Awareness must be matched to appropriate tasks

Coming to the wrong decision quickly:Â why awareness tools must be matched with appropriate tasks by A. Espinosa and J. Cadiz and L. Rico-Gutierrez and R. Kraut and W. Scherlis and G. Lautenbacher, CHI 2000. The paper underlines the importance of matching the features of an awareness tool with a workgroup's tasks and goals.

Although the results obtained provide some encouraging evidence about the benefits of awareness tool use, they also make evident how the availability of such tools can be more of a distraction when available but not properly used. (...) while the awareness tool seems to have contributed to a more efficient division of labor, the resulting reduced overlap in documents read by team members seems to result in a loss of common ground, thus foregoing the benefits of shared mental model formation. (...) Also, consistent with the literature on groups, it is evident from our results that awareness tools need to be matched to appropriate tasks [18, 19]. The primary focus of our awareness tool was helping teams to solve a problem quickly. This is precisely what the tool did in our experiment. (...) the features implemented in our awareness tool are adequate for a divergent problem in which there is no apparent right solution, and in which reaching a unified team solution is important. Strategic planning, sports team strategies, surgical teams in the operating room, and economic planning committees are examples of situations in which awareness tools of this type can help.. However, in order to provide support for problems in which a correct solution does exist, different types of awareness information would have to be presented to the user. This highlights the all familiar tradeoff between general awareness tools that provide a little help for many types of tasks, and specific awareness tools that significantly help only one type of task. It also highlights the need to find the optimal amount and type of awareness information to make available without creating unnecessary distractions and information overload.

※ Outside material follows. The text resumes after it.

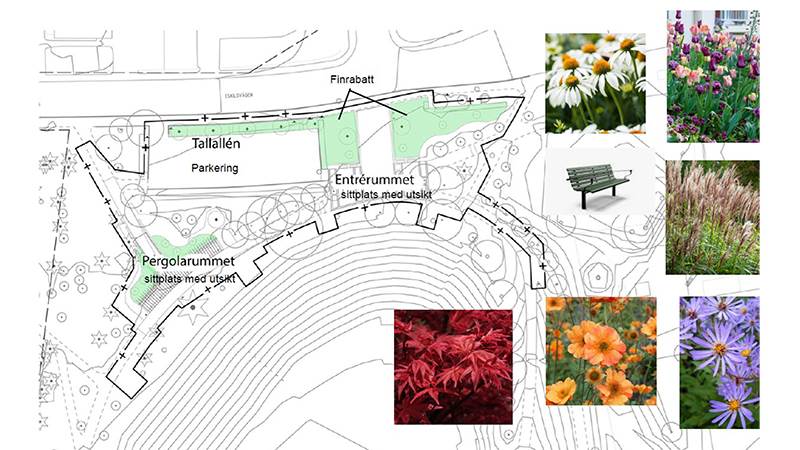 Vid Eskilsvägen skapas en "park i parken" med härlig blomsterprakt och sköna sittplatser Kartskiss som visar planerna för ombyggnation av entréerna till Eskilsparken från Eskilsvägen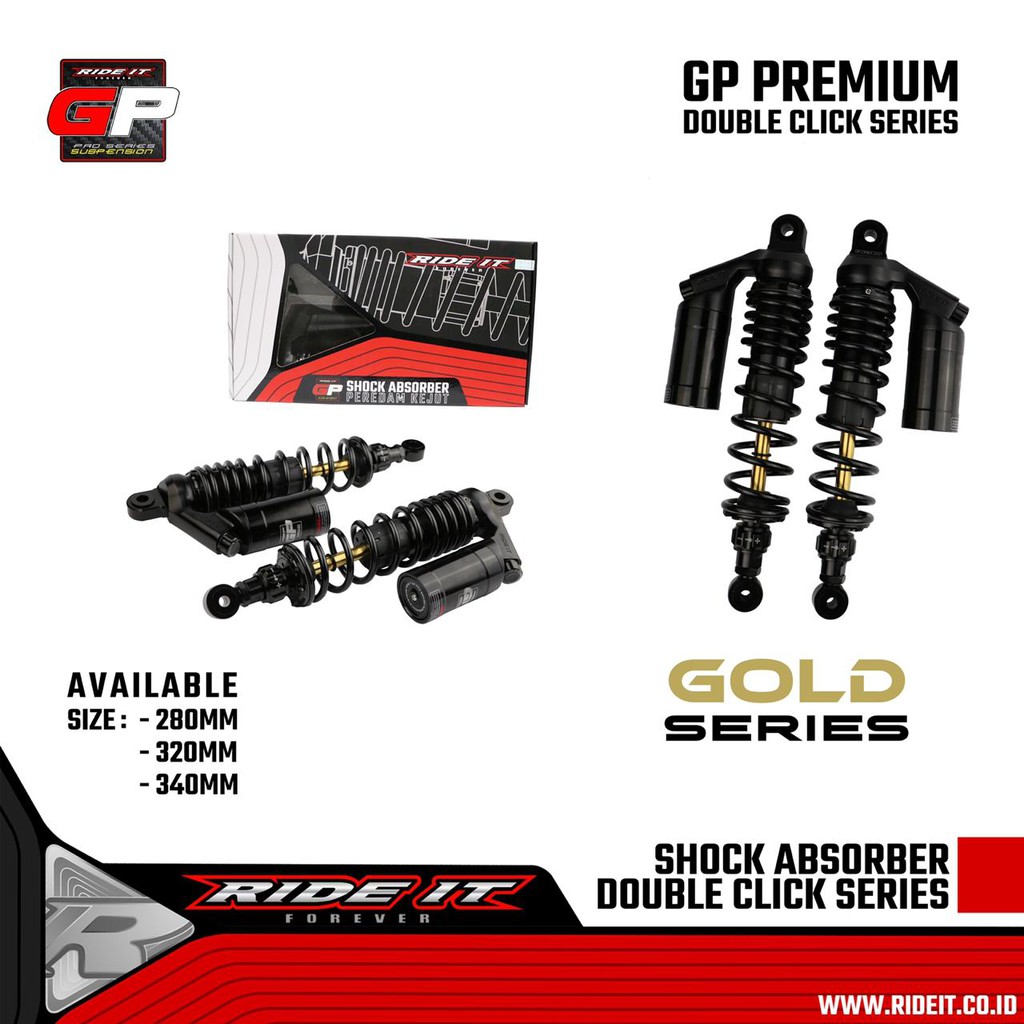 Shock GP Premium Gold Series Shock bebek 280 320 340 Ride It Shockbreaker Ride It Gold Series KLIK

Quoted references: 18. McGrath, J. Groups: Interaction and Performance, Prentice Hall: Englewood Cliffs, N.J., 1984. 19. McGrath, J. and Hollingshead, A. Groups Interacting With Technology, SCalifornia, 1994.

Why do I blog this? this five years old paper is very relevant to my current research about location-awareness tool in mobile collaboration. Even though it deals with virtual environments, it raises very relevant problems related to awareness efficiency that I am also dealing with in Catchbob!.